### PROBLEM TO SOLVE
In the listing below, find the line with "Download lagu When" and the line with "Cavalcade | Sac à dos beige". Repeat those two lines and all lines between them exactly.

### GIVEN DATA

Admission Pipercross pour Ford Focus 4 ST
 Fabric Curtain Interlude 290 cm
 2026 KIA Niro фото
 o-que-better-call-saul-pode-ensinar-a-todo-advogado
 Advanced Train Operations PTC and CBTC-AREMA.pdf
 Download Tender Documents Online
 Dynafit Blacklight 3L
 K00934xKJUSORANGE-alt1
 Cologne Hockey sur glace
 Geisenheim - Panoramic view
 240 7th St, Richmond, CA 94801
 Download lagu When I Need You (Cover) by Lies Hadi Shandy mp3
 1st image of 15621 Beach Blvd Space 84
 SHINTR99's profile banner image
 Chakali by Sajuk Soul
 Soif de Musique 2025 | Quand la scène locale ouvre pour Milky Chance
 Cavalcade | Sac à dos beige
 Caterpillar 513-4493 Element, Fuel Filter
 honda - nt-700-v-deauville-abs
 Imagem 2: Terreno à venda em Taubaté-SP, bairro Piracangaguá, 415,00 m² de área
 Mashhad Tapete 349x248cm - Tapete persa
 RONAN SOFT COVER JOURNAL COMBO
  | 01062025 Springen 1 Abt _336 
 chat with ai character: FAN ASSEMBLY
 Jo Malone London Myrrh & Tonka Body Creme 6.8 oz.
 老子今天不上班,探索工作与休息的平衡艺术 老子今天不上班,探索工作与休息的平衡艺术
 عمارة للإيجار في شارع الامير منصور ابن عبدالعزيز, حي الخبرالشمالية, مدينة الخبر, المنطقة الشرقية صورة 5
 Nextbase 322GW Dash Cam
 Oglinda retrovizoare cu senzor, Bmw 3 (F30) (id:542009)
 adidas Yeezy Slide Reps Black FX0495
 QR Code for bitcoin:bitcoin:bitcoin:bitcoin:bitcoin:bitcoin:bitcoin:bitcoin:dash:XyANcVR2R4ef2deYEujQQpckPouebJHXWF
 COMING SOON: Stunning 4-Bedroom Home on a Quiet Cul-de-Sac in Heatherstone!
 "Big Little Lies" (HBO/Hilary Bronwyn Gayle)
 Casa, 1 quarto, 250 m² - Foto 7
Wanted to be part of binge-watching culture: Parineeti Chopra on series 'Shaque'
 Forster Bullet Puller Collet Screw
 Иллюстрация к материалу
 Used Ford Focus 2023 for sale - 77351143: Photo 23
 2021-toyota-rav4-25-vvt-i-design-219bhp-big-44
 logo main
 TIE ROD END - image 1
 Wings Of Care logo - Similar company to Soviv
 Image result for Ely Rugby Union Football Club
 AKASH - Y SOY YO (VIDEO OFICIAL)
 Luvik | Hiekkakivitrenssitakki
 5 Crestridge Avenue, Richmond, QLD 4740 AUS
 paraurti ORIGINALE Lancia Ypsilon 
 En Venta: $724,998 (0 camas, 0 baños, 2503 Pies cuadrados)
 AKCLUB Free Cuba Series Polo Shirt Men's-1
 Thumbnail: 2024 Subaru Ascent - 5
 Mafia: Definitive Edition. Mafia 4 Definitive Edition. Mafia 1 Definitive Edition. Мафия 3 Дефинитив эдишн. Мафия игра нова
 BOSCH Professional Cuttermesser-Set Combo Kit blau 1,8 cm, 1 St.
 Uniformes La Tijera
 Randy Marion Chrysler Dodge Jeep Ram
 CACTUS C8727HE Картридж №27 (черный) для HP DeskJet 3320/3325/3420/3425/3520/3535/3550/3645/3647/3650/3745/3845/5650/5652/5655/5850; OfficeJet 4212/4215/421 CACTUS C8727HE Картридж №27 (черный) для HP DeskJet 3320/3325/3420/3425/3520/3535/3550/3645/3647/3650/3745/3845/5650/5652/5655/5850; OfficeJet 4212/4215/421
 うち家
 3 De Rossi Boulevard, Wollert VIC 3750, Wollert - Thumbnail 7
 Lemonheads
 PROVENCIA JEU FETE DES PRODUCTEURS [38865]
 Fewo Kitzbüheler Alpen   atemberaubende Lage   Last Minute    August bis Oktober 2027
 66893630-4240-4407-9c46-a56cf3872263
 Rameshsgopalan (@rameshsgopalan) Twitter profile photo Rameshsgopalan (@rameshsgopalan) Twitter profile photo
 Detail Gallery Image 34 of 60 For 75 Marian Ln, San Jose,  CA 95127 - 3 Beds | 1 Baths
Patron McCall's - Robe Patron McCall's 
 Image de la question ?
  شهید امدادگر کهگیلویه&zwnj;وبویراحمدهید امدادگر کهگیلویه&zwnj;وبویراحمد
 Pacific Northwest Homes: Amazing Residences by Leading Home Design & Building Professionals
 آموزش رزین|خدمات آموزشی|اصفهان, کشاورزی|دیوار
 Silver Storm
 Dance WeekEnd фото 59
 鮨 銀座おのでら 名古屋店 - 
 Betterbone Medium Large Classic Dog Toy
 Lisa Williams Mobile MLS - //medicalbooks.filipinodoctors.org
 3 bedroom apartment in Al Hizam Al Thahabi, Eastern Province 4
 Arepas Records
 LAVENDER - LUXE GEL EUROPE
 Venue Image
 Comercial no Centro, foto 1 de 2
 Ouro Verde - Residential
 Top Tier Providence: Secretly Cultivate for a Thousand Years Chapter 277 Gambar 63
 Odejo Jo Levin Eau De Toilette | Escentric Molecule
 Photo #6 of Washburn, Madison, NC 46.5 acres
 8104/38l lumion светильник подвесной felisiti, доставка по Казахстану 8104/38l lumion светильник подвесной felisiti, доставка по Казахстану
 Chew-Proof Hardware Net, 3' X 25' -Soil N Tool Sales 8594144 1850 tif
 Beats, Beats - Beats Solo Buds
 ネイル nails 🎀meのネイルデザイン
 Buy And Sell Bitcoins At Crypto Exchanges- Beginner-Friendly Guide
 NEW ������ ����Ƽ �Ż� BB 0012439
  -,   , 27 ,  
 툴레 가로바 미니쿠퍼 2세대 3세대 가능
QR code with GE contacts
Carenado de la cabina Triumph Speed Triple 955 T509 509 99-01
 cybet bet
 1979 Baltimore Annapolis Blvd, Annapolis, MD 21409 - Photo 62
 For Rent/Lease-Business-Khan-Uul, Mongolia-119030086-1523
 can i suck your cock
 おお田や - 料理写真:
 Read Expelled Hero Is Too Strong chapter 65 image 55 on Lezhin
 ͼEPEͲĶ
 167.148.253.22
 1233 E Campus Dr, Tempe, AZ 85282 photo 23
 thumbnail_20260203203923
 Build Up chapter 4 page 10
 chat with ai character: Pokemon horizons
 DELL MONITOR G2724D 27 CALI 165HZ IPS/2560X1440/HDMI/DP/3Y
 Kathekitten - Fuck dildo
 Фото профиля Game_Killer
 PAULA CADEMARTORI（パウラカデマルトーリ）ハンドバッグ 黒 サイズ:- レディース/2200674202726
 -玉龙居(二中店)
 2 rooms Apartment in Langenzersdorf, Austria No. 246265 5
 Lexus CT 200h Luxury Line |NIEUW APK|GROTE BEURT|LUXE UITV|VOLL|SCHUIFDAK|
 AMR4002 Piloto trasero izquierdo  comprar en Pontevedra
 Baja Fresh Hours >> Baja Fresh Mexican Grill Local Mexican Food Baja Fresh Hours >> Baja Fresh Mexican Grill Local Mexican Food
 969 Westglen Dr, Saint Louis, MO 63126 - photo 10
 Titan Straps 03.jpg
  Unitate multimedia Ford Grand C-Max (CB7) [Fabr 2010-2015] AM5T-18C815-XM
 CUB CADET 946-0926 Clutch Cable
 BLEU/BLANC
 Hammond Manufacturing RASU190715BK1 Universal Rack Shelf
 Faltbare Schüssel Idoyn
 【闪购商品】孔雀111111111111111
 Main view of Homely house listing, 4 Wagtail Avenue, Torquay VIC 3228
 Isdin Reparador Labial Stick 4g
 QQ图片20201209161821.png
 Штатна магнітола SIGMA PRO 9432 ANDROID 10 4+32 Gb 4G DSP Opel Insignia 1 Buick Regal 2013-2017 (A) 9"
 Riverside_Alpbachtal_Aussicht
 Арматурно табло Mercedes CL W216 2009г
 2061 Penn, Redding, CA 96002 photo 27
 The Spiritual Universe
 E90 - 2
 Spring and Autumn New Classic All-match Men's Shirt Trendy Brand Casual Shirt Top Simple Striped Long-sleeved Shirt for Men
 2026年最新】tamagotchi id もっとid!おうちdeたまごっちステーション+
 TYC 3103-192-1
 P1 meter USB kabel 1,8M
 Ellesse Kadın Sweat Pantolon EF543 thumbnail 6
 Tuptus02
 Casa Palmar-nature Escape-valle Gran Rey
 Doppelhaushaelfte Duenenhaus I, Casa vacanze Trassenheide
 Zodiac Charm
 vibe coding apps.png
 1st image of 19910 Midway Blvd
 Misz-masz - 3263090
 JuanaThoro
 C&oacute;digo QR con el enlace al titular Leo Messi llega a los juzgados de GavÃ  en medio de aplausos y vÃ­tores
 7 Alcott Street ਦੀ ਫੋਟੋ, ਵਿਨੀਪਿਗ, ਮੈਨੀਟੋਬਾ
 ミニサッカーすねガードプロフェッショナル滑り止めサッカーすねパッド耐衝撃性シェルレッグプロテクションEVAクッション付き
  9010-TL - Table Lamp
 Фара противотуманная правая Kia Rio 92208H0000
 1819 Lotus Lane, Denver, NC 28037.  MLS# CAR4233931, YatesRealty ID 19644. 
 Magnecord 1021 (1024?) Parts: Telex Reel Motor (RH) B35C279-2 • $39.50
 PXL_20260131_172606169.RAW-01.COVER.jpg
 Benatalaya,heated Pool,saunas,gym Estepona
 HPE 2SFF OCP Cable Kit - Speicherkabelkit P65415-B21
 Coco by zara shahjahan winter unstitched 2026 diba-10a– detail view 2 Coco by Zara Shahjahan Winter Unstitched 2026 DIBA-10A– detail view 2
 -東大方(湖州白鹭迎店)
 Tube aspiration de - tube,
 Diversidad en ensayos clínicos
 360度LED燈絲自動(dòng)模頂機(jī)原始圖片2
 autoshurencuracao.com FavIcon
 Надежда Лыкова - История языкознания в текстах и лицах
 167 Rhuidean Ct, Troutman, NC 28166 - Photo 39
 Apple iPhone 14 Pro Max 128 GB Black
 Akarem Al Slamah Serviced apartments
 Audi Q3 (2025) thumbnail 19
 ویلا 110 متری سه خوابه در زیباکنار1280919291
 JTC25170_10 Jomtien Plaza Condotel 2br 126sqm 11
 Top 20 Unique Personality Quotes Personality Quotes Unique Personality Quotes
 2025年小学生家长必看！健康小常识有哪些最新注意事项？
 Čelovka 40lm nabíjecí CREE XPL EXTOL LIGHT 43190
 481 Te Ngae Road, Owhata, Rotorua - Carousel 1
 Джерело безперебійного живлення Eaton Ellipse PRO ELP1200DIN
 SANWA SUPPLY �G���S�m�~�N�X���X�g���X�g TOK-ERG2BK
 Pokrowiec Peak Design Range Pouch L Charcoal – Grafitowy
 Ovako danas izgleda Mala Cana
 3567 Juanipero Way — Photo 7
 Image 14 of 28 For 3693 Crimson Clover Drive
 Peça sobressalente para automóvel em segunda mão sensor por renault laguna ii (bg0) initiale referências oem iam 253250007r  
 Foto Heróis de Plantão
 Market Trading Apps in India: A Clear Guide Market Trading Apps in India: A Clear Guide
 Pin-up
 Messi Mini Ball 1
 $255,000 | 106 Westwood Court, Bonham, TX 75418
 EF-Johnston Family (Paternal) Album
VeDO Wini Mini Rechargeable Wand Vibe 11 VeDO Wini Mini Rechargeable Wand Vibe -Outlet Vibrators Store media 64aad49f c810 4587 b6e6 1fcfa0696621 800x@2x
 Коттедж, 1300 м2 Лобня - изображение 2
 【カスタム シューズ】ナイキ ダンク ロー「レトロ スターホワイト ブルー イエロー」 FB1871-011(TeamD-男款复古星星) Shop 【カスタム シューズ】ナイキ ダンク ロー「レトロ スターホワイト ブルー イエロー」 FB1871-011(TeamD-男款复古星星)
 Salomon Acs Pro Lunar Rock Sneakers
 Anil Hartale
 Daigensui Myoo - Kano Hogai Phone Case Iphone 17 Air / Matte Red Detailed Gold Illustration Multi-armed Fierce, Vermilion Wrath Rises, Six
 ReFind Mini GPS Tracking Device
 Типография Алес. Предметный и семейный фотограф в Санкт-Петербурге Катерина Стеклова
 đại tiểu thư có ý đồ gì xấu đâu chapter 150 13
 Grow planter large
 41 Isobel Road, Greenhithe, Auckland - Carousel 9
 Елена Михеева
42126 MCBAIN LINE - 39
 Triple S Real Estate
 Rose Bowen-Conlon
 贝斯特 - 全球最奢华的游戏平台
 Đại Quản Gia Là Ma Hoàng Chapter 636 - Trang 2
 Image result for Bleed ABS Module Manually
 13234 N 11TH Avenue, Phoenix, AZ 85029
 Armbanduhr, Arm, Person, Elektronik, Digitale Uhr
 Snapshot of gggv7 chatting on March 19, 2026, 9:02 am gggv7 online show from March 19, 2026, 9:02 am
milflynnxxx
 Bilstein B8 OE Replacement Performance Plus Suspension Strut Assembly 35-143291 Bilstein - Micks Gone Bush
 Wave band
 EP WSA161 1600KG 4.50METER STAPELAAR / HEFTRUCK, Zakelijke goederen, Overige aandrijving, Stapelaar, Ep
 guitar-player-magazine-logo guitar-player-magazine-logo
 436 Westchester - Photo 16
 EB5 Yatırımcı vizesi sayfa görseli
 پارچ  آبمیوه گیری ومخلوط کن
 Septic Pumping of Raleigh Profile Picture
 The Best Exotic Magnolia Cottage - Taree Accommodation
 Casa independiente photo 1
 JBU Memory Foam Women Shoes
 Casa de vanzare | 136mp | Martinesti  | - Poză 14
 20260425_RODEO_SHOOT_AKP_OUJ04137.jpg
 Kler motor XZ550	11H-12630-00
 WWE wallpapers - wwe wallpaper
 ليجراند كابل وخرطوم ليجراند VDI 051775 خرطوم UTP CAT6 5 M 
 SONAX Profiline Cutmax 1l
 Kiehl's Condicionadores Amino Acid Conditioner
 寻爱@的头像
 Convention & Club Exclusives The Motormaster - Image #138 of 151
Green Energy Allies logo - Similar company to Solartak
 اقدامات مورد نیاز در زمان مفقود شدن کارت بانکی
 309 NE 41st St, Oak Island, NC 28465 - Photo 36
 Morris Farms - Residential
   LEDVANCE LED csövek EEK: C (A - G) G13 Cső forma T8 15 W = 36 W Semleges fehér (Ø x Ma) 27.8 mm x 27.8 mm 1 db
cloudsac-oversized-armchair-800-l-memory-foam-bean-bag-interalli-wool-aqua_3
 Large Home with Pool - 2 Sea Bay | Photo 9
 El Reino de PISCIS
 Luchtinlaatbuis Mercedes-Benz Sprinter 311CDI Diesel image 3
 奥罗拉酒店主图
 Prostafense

### FINISHED TASK
 Download lagu When I Need You (Cover) by Lies Hadi Shandy mp3
 1st image of 15621 Beach Blvd Space 84
 SHINTR99's profile banner image
 Chakali by Sajuk Soul
 Soif de Musique 2025 | Quand la scène locale ouvre pour Milky Chance
 Cavalcade | Sac à dos beige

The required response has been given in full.